YOUR INSTRUCTIONS: No pictures go into the copy. Write out every line below exactly.

AVAILABLE DATA:

━━━━━━━━━━

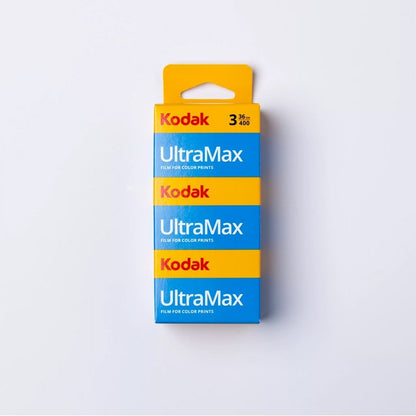 Kodak Ultramax 400 36 Exposures 3 Roll Pack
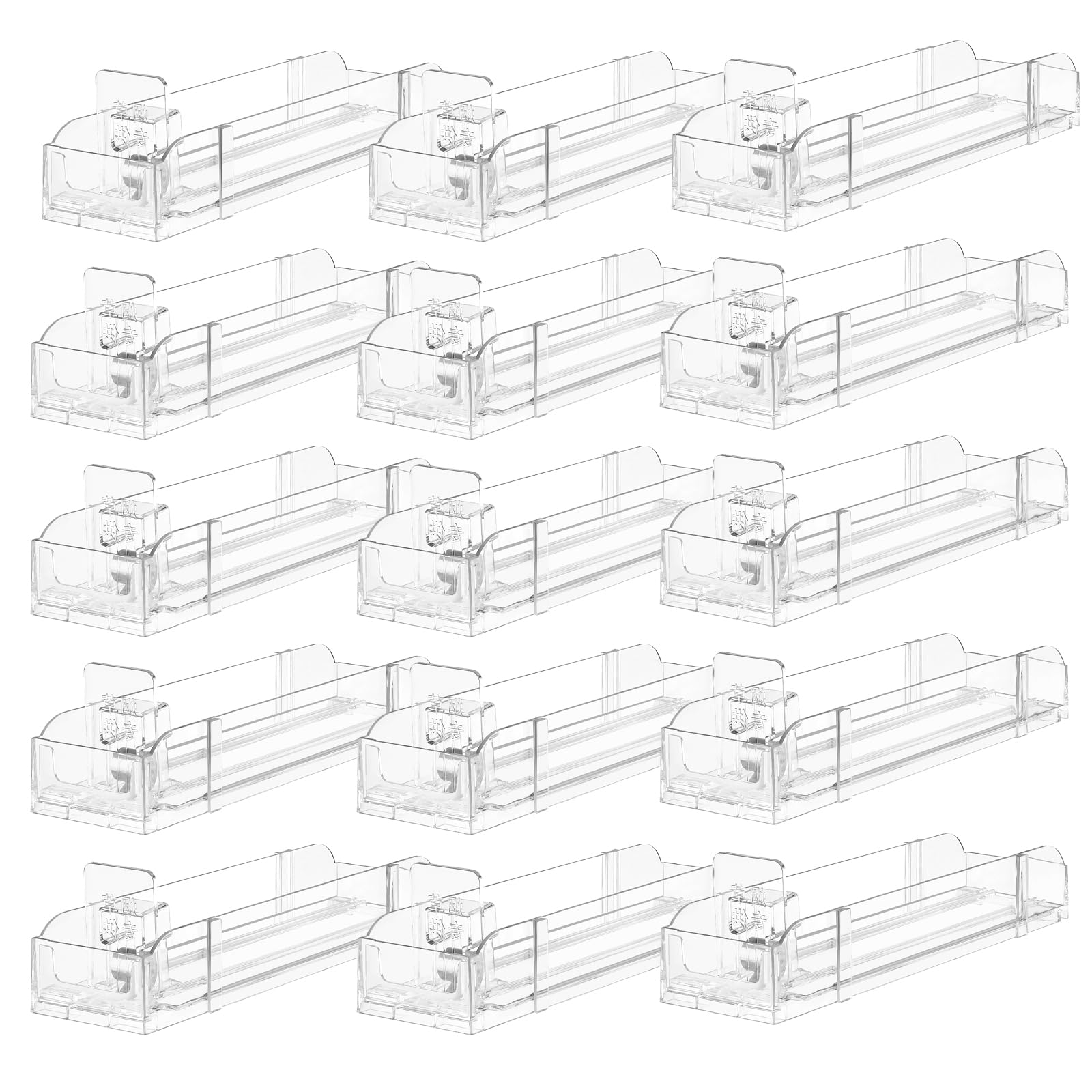 Lot De 15 Clips D'Étiquette Prix Métal Galvanisé - Support Vente Détail Supermarché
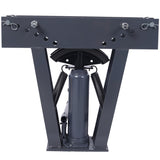 12 Ton Pipe Bender Manual Hydraulic, Piping Bending Exhaust Tube Fabric with 6 Dies, Adjustable W465P192111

━━━━━━━━━━

ANSWER FOR THE TASK:
 Kodak Ultramax 400 36 Exposures 3 Roll Pack
 Lot De 15 Clips D'Étiquette Prix Métal Galvanisé - Support Vente Détail Supermarché
 12 Ton Pipe Bender Manual Hydraulic, Piping Bending Exhaust Tube Fabric with 6 Dies, Adjustable W465P192111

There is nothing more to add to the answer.